“Low-fat”. “Fat free”. “High-protein”. “Protein-sparing”. “Carbo-loading”. “Carb-free”. If you had ten dollars for every fad diet plan and weight loss product ever promoted to have either a high or low amount of any macronutrient, you could probably pay off the combined student loan debt of Texas and New York combined.
The media’s chaotically clumsy dance with dietary details is well over a decade old. Health is a hot topic that just keeps getting hotter. A cover story titled “Diet Hype: How the media collides with science”, run by Newsweek in 2006, reported its findings that about twenty percent of the headlining Newsweek stories in 2005 were written on health-based topics.
It’s safe to say that the demand for nutrition knowledge is as high as ever, and the attempted supply for that demand has gone far past the point of saturation. Just 20 minutes clicking through Google for a straight answer on what any one macronutrient means for weight loss can leave you 20 brand new questions to ask, and for each of those new questions, you’ll have hundreds of people ready to give you their definitive answers without a single cited source to be seen.
Between all of the different advertisers and fitness gurus singing the praises of their latest and greatest weight loss product, how do you sort between the scientific truth and the snake oil?
Let’s start by breaking each of these macronutrients down to their basic building blocks.
The diversity of different carbohydrate types is a big part of why they’re so easy to demonize.
Sugary snacks made up of simple carbohydrates are commonly presented as evidence to back up the claim of carbohydrates being the “main culprits” of the obesity epidemic, usually with a reference to their insulin-spiking effect if eaten in excess.
The charge against simple carbohydrates is usually made without also citing the benefits of complex carbohydrates in vegetables and whole grains.
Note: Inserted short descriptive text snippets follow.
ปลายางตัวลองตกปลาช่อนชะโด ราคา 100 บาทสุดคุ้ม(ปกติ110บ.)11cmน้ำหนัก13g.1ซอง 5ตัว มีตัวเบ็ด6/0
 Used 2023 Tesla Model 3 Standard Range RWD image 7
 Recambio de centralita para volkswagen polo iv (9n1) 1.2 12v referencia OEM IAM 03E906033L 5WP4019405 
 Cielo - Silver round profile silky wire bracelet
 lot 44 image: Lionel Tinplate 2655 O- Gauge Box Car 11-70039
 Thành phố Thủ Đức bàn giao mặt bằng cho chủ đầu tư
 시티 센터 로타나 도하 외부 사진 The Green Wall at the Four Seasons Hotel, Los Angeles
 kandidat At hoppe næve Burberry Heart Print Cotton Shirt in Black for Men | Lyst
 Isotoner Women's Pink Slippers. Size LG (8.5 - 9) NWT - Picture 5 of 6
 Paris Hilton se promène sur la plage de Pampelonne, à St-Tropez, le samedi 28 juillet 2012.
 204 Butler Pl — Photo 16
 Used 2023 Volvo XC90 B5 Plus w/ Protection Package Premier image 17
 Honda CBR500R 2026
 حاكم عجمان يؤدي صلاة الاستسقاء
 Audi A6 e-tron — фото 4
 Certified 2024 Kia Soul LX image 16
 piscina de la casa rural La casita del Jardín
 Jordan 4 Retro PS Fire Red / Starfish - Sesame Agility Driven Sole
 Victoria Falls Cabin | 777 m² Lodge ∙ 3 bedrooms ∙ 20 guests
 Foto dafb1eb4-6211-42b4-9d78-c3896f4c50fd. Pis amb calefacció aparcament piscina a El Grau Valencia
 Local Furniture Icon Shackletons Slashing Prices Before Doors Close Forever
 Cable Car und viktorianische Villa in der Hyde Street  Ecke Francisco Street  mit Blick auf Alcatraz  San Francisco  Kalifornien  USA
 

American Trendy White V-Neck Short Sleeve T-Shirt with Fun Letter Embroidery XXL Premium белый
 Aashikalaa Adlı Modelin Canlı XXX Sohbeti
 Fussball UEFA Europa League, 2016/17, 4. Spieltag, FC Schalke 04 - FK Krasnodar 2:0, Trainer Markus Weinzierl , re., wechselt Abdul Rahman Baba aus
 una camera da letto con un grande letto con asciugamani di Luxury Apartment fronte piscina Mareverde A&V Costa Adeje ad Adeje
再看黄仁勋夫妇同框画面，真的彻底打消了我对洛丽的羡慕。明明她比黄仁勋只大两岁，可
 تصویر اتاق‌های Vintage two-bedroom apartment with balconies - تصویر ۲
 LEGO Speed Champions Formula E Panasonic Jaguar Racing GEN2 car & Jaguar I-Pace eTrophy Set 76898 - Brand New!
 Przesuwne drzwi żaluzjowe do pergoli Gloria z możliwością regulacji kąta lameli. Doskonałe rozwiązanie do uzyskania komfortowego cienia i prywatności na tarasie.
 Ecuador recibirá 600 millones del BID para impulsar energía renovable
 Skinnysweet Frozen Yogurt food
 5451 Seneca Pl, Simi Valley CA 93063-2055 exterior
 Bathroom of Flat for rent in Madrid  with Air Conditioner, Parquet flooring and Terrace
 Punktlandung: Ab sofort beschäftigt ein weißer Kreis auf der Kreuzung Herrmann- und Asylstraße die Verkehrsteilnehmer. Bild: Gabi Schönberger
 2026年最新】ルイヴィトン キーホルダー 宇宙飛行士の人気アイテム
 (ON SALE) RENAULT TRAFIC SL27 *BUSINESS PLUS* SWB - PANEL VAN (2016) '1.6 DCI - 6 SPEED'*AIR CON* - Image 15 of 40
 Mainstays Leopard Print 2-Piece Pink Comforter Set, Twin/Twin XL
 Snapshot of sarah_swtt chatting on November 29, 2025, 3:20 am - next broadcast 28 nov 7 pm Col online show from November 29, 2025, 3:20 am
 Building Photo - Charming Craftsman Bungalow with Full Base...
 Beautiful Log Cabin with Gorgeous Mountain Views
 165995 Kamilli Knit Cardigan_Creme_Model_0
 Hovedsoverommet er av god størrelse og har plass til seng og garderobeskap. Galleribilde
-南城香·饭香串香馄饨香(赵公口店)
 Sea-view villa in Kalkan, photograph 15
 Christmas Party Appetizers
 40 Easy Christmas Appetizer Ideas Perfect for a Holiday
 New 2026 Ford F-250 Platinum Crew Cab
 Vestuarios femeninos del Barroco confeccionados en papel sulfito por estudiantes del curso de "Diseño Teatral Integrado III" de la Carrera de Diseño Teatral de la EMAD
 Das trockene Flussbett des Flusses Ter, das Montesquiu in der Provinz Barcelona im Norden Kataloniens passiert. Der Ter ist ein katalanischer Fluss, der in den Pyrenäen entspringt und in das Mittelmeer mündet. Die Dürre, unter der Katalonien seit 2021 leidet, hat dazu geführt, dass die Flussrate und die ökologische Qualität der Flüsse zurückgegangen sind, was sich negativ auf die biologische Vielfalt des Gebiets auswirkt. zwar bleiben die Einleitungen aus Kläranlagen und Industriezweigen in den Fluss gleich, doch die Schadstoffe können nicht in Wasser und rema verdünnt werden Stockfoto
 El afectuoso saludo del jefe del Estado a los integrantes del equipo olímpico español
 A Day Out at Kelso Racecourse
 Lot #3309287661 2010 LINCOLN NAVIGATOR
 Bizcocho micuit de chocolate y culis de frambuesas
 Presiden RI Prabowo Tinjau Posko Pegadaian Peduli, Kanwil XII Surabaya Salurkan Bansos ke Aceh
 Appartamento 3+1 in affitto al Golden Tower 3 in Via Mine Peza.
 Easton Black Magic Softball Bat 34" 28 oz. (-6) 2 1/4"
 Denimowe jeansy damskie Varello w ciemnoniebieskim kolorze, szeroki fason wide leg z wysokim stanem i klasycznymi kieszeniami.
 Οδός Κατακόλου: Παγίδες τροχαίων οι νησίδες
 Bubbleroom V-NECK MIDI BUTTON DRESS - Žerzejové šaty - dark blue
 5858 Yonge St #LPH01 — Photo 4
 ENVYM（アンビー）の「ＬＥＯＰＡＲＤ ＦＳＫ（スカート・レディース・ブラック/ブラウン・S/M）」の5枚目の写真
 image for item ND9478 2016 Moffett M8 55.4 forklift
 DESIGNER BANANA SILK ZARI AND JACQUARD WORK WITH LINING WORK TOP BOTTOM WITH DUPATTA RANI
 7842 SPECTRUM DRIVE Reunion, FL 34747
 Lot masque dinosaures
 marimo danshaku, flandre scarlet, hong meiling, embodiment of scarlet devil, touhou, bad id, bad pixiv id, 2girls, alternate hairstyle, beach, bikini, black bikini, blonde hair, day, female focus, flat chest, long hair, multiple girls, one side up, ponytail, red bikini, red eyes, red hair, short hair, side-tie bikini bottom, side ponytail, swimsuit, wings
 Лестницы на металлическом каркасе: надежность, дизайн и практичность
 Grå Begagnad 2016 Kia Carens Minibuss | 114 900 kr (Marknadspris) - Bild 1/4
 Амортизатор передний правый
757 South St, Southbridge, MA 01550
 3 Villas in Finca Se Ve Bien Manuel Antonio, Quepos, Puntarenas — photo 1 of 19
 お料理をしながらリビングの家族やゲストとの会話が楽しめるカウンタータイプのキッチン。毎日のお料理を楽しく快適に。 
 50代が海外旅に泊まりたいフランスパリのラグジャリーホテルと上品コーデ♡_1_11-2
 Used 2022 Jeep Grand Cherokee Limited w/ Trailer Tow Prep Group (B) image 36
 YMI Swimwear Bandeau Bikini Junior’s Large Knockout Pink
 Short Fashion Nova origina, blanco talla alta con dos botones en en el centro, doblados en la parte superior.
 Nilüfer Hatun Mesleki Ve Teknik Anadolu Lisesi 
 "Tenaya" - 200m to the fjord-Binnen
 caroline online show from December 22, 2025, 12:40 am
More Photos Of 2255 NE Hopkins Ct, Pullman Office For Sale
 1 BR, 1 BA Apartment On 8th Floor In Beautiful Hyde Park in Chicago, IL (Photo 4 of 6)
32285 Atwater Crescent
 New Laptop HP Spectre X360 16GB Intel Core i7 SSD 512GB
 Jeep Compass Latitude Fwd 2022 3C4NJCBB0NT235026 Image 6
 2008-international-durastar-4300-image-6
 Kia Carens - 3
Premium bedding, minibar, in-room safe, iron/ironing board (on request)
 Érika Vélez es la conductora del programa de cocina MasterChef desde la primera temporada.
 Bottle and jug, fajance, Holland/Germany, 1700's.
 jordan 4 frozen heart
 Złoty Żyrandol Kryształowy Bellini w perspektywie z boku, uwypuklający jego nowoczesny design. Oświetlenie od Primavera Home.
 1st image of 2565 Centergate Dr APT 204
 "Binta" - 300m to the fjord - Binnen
Complex carbohydrates such as leafy green vegetables, fresh fruit and beans have a high nutrient density level that is especially vital for anyone looking to lose weight healthily and sustain that weight loss.
Despite the popular implication that carbohydrates have an antagonistic relationship with protein, carbohydrates are actually useful for sparing more of the protein that you can actually use. Carbohydrates in your muscles and liver are your body’s main fuel source during the highest levels of physical activity.
Without sufficient carbohydrate stores, your muscle contraction quality, central nervous system health, and overall exercise performance will suffer; this will make it almost impossible to maintain the levels of activity you’ll need to realistically achieve your weight loss goals.
Protein gets heavily promoted as a “panacea” for every kind of health benefit that you could imagine, and it’s safe to say that calling some of these claims gigantic overstatements would be an understatement.
Despite how dramatically its powers tend to be exaggerated, protein still plays a very important role in muscular growth, soft tissue quality, and your overall state of health.
Protein provides essential amino acids that the body cannot produce on its own but still needs to grow and sustain itself without skeletal muscle loss.
Animal-based proteins (meat, dairy and eggs) provide each of the essential amino acids on their own, making them complete proteins. Plant-based proteins such as beans and rice, with only a portion of all the essential amino acids, are called incomplete proteins. Despite being incomplete on their own, beans and rice can be combined to form a complete protein as a team.
If you’re on a highly active weight loss campaign, proper protein intake will be important to help you recover properly for consistent performance quality and health.
As a macronutrient, fats are possibly even more misunderstood as than carbohydrates. The confusion starts when dietary fat is treated as though it’s the same thing as body fat.
Failure to understand the difference between fat as a noun and fat as an adjective leads many people to ask why they should be eating more of something that they’re trying to lose; a perfectly understandable question based in a simple misunderstanding.
In addition to the confusion about how it’s defined as a word, false claims about fat also come from the same type of misunderstanding there is about carbohydrates: a failure to see the difference between the helpful forms of the macronutrient and its unhelpful forms.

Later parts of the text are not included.